Several commissioners sought clarity on special cases: whether a nonconforming use transfers with a property sale (staff said use continuity, not ownership, controls the two‑year test for uses), whether a multi‑year construction period would be treated as abandonment (staff said they would look at whether the owner was diligently pursuing permits and construction), and how the standards operate in the historic district versus newer areas. The zoning administrator said the historic district’s design guidelines often change the practical analysis for signs and exterior alterations.

On Article 8, commissioners asked about enforcement procedures for civil and criminal zoning violations and how criminal violations would proceed; staff said criminal violations would require prosecution. Commissioners identified several typos and requested precise cross‑references where the draft points to other town standards.

Article 9 (word usage and definitions) drew comments about consistency and clarity (for example, adding “legal” to nonconforming categories, making the comp plan definition explicitly include small‑area plans, and clarifying whether rules of construction should appear in alphabetical order).
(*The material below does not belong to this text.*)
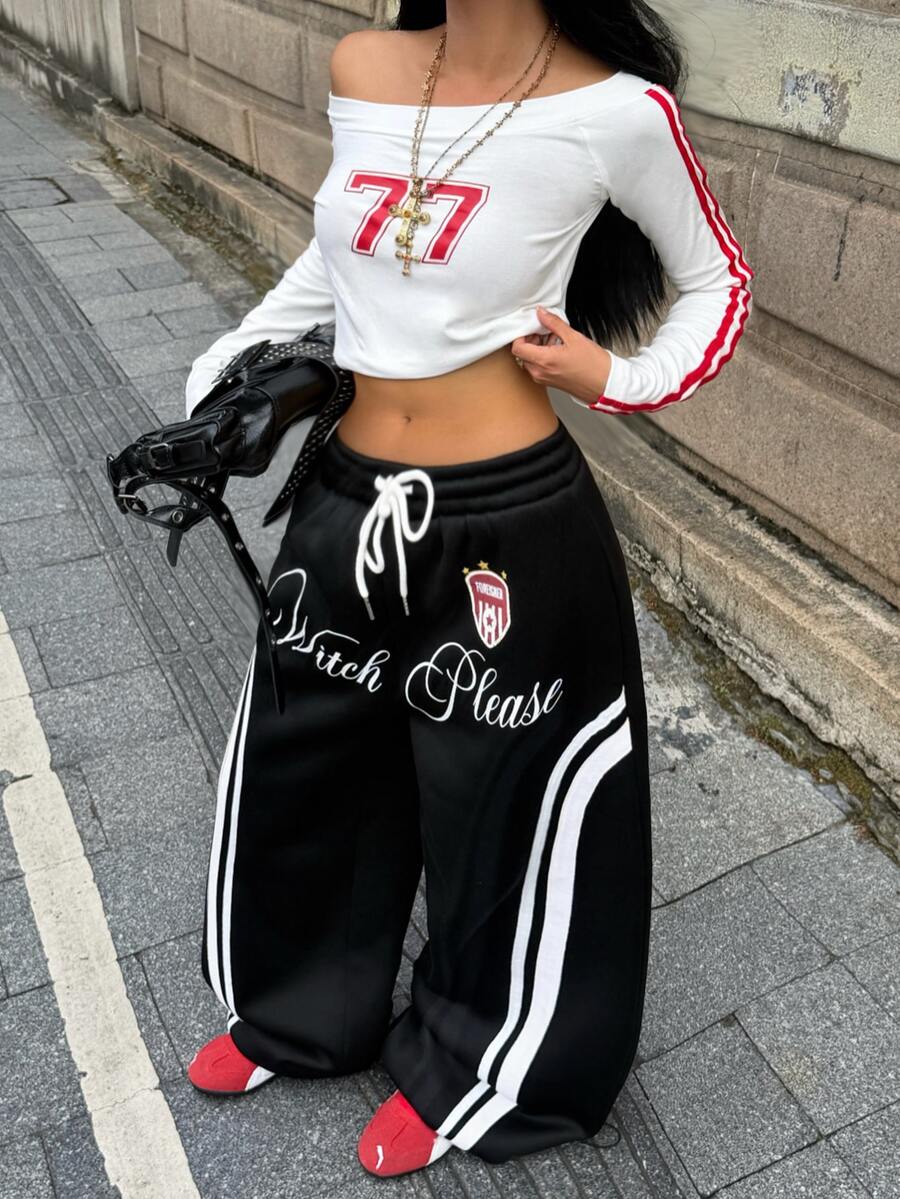 Women's loose fit wide leg graphic sweatpants in light grey with an elastic drawstring waistband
Staff said some glossary terms were carried forward from the existing ordinance and that consultants used NAICS (North American Industry Classification System) and the American Planning Association's land‑based classification system as references.

Staff closed with next steps: produce a public comment summary when the commission reconvenes, complete placeholder sections in a second draft (sign regulations, attainable housing, tree preservation, multiple‑use standards and the Crescent District), conduct deep‑dive sessions on identified topics, and then prepare a planning commission draft for eventual recommendation to council. Staff indicated a goal of a more complete draft in the fall and noted November 6 as an optimistic target for the planning commission draft, with the possibility of moving into the new year.

Quotes in context

"We started this project back in 2023," Director David said, describing the project's timeline and public comment period. Mike Watkins, the zoning administrator, summarized the nonconformity protections and enforcement approach: "If the use was legally legal when it was created, it's a nonconforming use." Commissioner Matt asked about labeling: "Why do we call it nonconformity, instead of calling grandfathered?" Watkins and staff explained the draft follows state code terminology and that staff would add wording for "legal nonconforming" in definitions to align other entries.

Votes at a glance

- Motion to approve minutes of July 17 (mover and seconder not specified in the record). Chair called for the vote; the motion passed (vote recorded as "Aye"; Candace was noted as absent for that item). Notes: approval of minutes recorded in meeting transcript; specific individual vote names were not provided.

- Motion to close/adjourn (mover and seconder not specified). Motion carried on voice vote: "Aye." (details: standard meeting close; no ordinance action taken.)

Ending

No ordinance provisions were adopted at the meeting. The commission completed a first pass review of the three articles and requested clarifying edits, typos corrections and clearer cross‑references. Staff will circulate a public comment report and refined draft material before the commission's next substantive review sessions.